# [Caption-style text data]
|---|

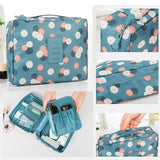 Waterproof Outdoor Girl Makeup Bag for Women - Travel Toiletries Organizer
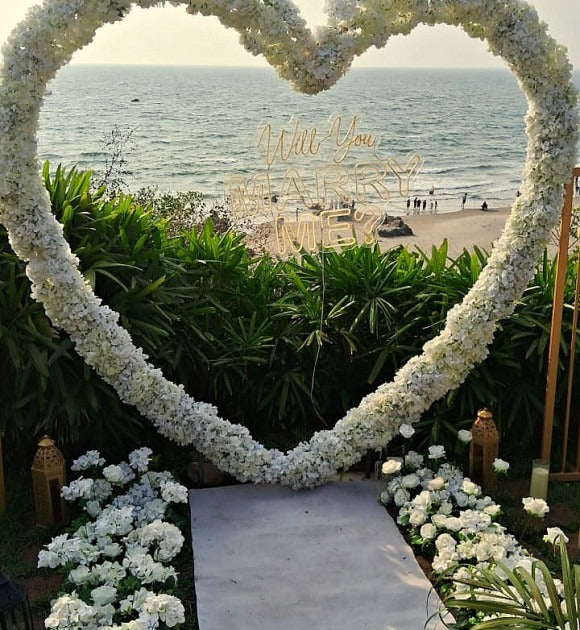 Floral Heart Proposal Experience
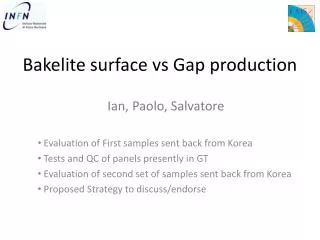 Bakelite surface vs Gap production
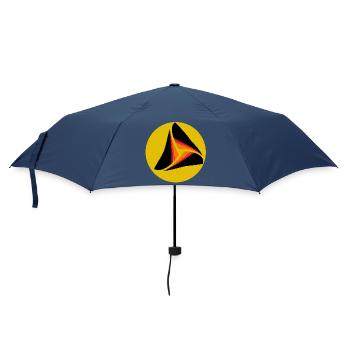 Volley-ball de plage, plage et soleil - Parapluie standard - marine - Devant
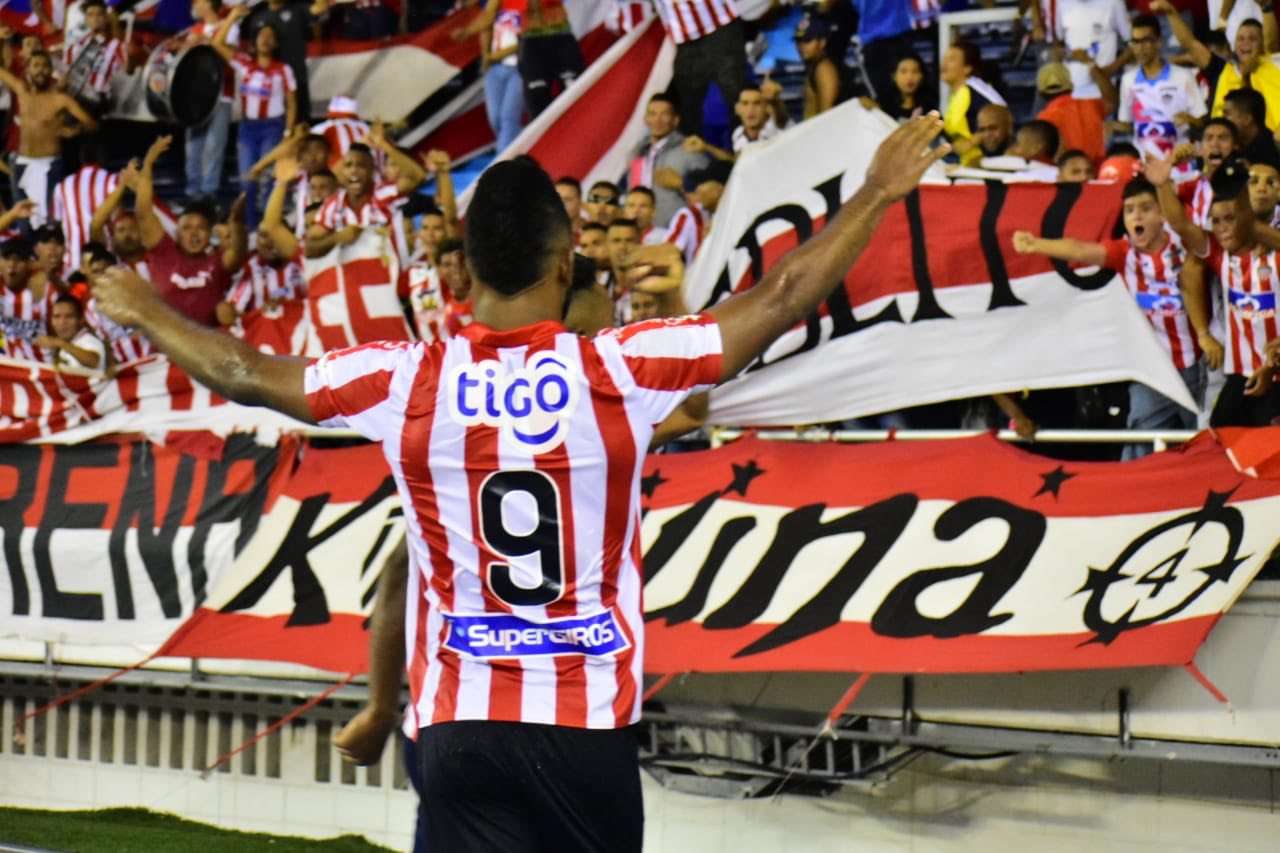 Miguel Ángel Borja gol Junior vs Equidad 2020-I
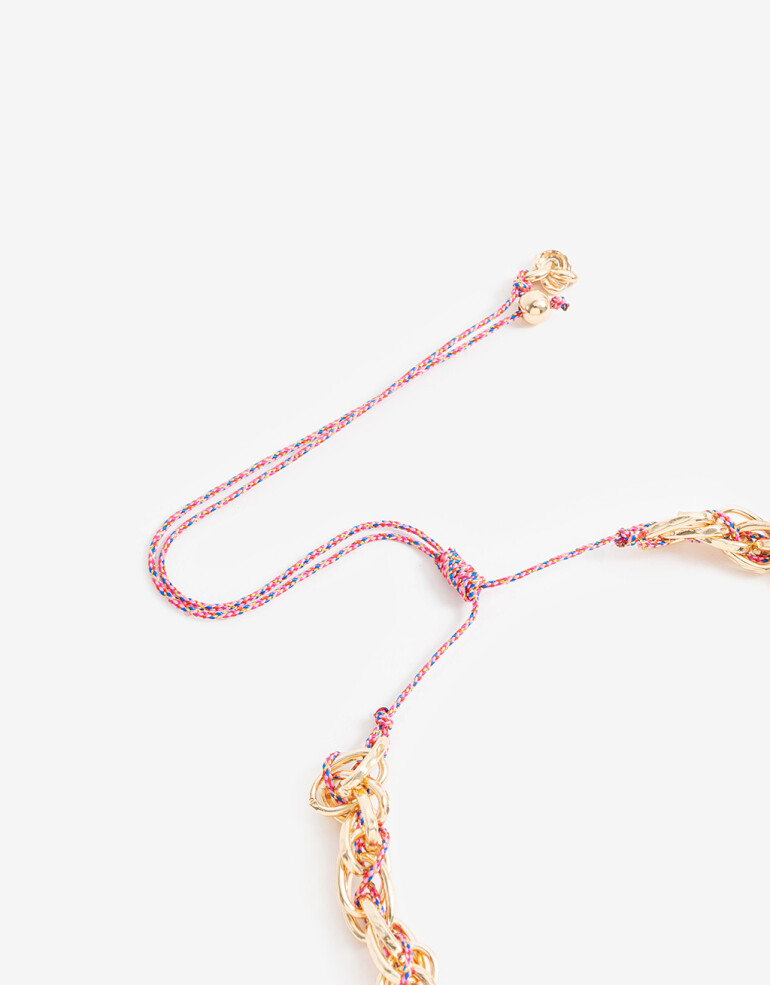 Collares Cortos Cordón Collares Cortos Cordon - Combinacion Multicolor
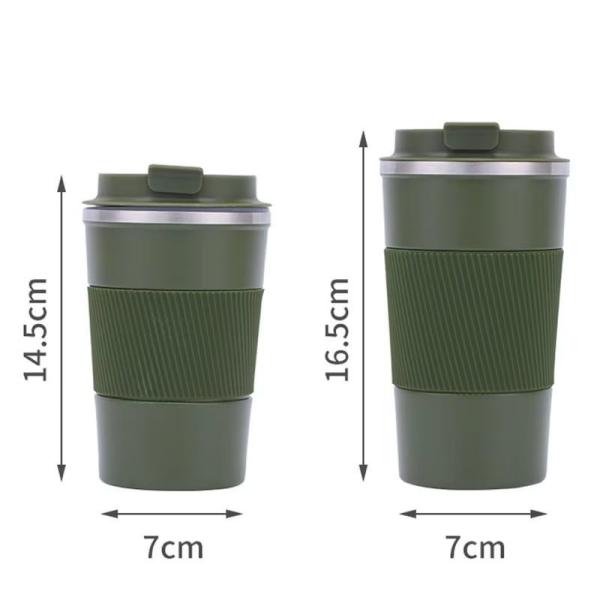 Portable 12 Oz 17 Oz Eco Friendly 304 Stainless Steel Coffee Travel Mug Vacuum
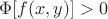 $\Phi[f(x,y)]>0$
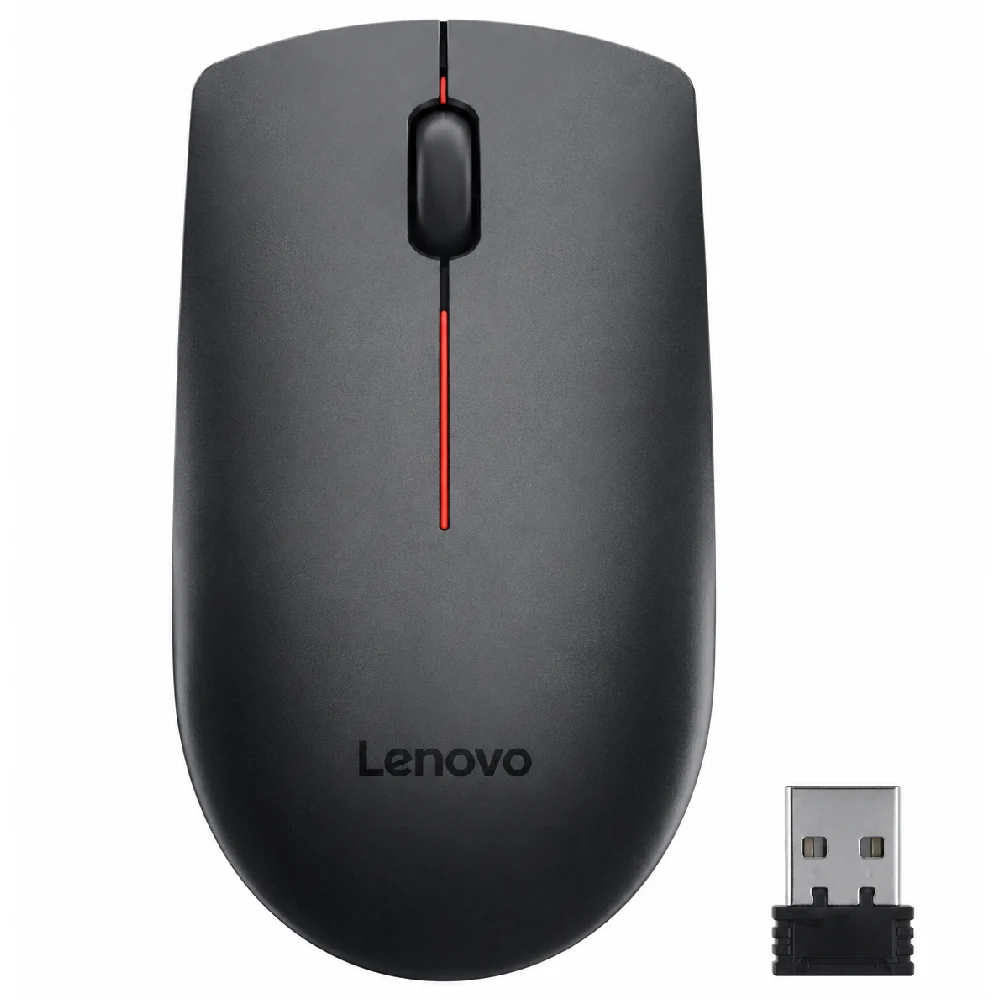 Lenovo 300 Wireless Compact Mouse - Black, Nano USB Receiver, Long Battery Life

|---|

# [EXERCISE DETAILS]
The entries are to be printed exactly as written; the pictures are to be left out.

# [OUTPUT OF THE EXERCISE]
 Waterproof Outdoor Girl Makeup Bag for Women - Travel Toiletries Organizer
 Floral Heart Proposal Experience
 Bakelite surface vs Gap production
 Volley-ball de plage, plage et soleil - Parapluie standard - marine - Devant
 Miguel Ángel Borja gol Junior vs Equidad 2020-I
 Collares Cortos Cordón Collares Cortos Cordon - Combinacion Multicolor
 Portable 12 Oz 17 Oz Eco Friendly 304 Stainless Steel Coffee Travel Mug Vacuum
 $\Phi[f(x,y)]>0$
 Lenovo 300 Wireless Compact Mouse - Black, Nano USB Receiver, Long Battery Life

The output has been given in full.